S3 is cheap enough for us to not really worry about stale data - we've got millions of objects in S3 and I'm pretty sure the bill is under ten bucks.

gideonthomas commented 7 years ago

The problem is the restrictions on the number of concurrent connections to the db while writing files, which blocks it from handling other requests. The same goes for the server handling the requests. I don't believe S3 has the same concurrency issues (but maybe @cadecairos can confirm) and can handle load a lot better than our pg database and will allow us to handle more server requests since the upload will now happen from the client directly leaving room for the server to handle other requests.

humphd commented 7 years ago

Scaling concurrent writes is usually done with a queue of some kind, and AWS has a bunch of these available. Whatever our eventual backend, why don't we just use a queue to allow Thimble to send files to be saved, and then leave it with AWS to get to it?

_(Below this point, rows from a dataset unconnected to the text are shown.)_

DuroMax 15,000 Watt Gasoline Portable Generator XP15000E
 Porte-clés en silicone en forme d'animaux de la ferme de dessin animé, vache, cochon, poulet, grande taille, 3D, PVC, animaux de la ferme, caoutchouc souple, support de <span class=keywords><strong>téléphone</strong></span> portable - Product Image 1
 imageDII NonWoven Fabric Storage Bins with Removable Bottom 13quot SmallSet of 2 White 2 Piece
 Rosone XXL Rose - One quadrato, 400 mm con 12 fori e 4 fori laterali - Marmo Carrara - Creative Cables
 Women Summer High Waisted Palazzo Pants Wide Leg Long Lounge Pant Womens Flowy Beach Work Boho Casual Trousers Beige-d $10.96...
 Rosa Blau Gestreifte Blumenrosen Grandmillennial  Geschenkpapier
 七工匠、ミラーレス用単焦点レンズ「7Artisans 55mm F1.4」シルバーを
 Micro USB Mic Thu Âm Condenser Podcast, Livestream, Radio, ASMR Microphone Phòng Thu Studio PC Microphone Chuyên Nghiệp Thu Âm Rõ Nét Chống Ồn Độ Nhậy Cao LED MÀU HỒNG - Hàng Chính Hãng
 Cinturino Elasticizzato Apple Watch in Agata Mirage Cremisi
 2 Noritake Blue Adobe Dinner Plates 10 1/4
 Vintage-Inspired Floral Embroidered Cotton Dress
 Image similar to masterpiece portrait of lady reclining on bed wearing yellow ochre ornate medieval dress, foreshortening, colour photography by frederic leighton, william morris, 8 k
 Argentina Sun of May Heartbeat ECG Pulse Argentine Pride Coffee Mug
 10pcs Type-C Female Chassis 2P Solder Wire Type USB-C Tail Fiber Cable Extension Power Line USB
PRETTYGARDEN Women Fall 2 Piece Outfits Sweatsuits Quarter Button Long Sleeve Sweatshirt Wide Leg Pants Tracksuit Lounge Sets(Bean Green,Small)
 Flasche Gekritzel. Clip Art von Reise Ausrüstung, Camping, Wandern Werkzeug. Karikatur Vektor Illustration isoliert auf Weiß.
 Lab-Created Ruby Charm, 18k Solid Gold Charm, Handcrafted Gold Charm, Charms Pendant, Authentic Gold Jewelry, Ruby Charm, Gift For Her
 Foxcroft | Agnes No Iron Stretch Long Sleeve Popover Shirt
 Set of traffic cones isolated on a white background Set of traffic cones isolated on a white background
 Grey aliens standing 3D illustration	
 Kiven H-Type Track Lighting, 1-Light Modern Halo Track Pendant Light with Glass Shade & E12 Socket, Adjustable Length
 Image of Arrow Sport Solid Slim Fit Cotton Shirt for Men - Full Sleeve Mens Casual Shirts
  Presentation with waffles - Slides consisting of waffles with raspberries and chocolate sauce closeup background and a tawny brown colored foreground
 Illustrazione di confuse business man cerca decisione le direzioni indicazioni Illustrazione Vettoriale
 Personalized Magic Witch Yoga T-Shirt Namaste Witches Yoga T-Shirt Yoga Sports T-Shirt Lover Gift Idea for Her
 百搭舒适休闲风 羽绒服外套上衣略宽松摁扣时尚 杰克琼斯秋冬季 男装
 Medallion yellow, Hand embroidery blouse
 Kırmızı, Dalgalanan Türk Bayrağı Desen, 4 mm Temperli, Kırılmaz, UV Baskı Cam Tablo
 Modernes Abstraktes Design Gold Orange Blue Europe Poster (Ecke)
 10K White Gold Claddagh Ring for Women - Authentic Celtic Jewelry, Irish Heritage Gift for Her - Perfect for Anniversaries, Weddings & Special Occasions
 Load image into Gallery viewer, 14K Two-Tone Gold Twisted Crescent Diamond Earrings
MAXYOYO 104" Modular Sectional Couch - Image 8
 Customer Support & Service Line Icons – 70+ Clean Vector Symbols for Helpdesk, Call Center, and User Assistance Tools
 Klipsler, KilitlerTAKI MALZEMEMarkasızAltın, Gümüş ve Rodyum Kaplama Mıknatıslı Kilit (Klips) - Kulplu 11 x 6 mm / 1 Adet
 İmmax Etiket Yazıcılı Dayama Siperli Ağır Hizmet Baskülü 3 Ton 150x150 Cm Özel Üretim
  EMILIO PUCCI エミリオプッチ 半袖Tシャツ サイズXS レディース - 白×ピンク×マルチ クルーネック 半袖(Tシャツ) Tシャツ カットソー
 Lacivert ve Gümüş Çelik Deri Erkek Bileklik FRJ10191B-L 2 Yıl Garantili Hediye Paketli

gideonthomas commented 7 years ago

I'm not entirely sure about this but concurrent writes on S3 are managed by S3 itself (whether as a queue or some other strategy) which is why I think we wouldn't have to worry about concurrency at all. If our backend is something else however, as you mention, to scale it, we would have to use a queue like SQS or maintain one on the server to manage load which means that we would have to configure / manage it. I would rather have S3 deal with it on its own (assuming that it does) than write logic to manage and use a queue to scale concurrent connections.